The study will build on Barr’s expertise in exploring patient-provider trust to understand how pregnant and postpartum women are thinking about feeding their infants.
“This is a landmark trial on breastfeeding in the United States where about 3,500 babies are delivered annually to women with an HIV diagnosis,” Barr said. “It is an observational study at 12 geographically diverse sites. We want to know, while women are pregnant, ‘Are you interested in breastfeeding?’ Then we will follow the women to see who breastfeeds and for how long, and more importantly what that experience was like for both the women who choose to breastfeed or parents who choose not to,” Barr added.
Barr’s practice has consistently shaped person-centered translational research that prioritizes autonomy and trust. It is on that track that she has continued to follow mothers living with HIV and children with HIV into young adulthood, leveraging the emergence of telehealth to support patients in maintaining their treatment protocols as they age with complex health conditions. Each effort has the goal of improving care experiences, mental health and long-term outcomes.
“Since my first days in this field in San Francisco, I have been focused on how to innovate new knowledge that is quickly disseminated into clinical practice. UPLIFT is where we are hoping to collect the data that will help health care providers feel confident in supporting breastfeeding for women living with an HIV diagnosis,” Barr said.

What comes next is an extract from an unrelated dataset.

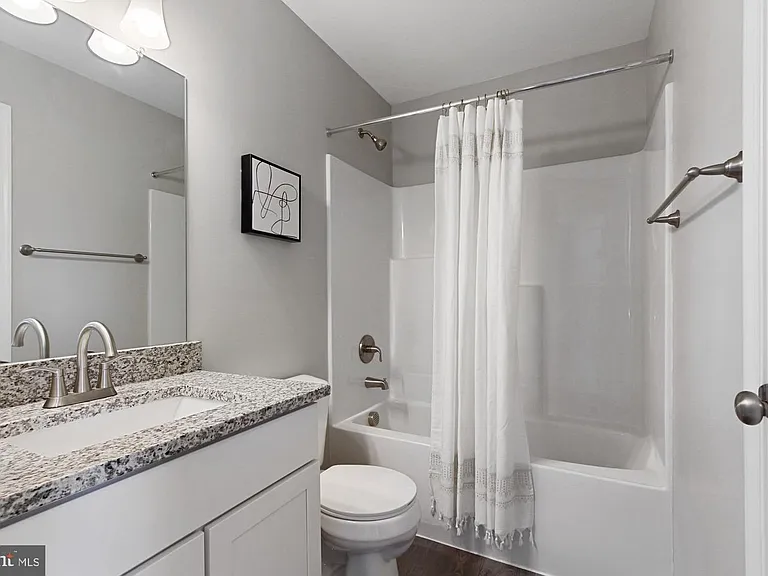 12425 Jackson Ave — Photo 19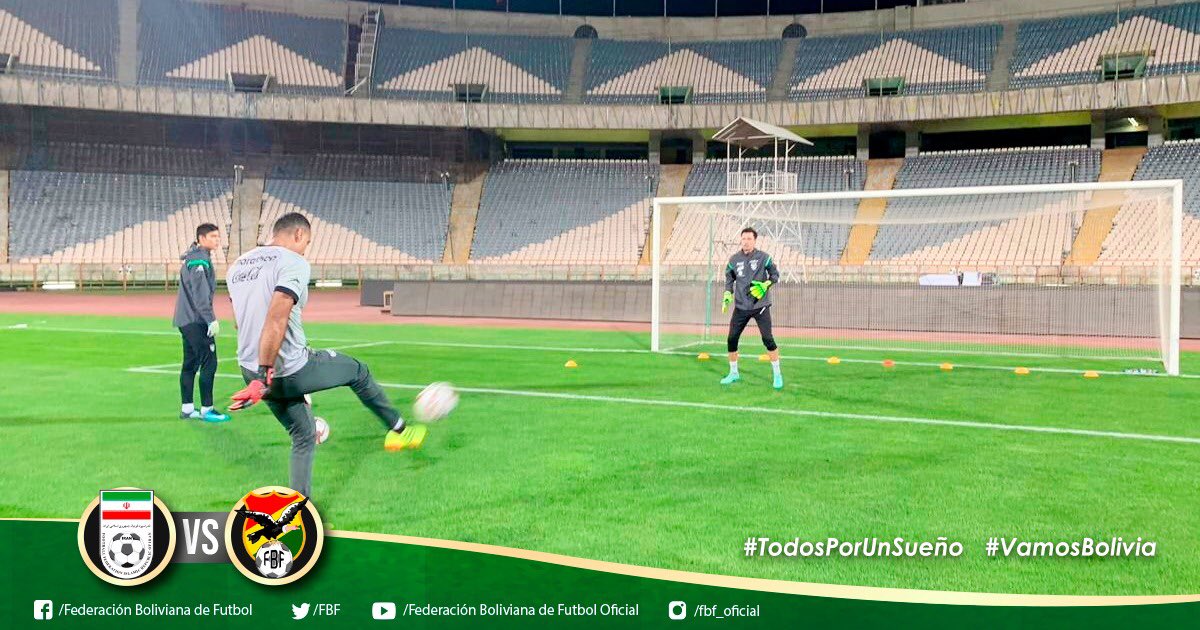 تمرین حریف ایران در ورزشگاه آزادی پیش از بازی امشب +عکس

The UPLIFT study is supported through a cooperative agreement with the Centers for Disease Control and Prevention (CDC) with financial support from the Eunice Kennedy Shriver National Institute of Child Health and Human Development (NICHD). Overall support for the International Maternal Pediatric Adolescent AIDS Clinical Trials Network (IMPAACT) was provided by the National Institute of Allergy and Infectious Diseases (NIAID) with co-funding from NICHD and the National Institute of Mental Health (NIMH), all components of the National Institutes of Health (NIH).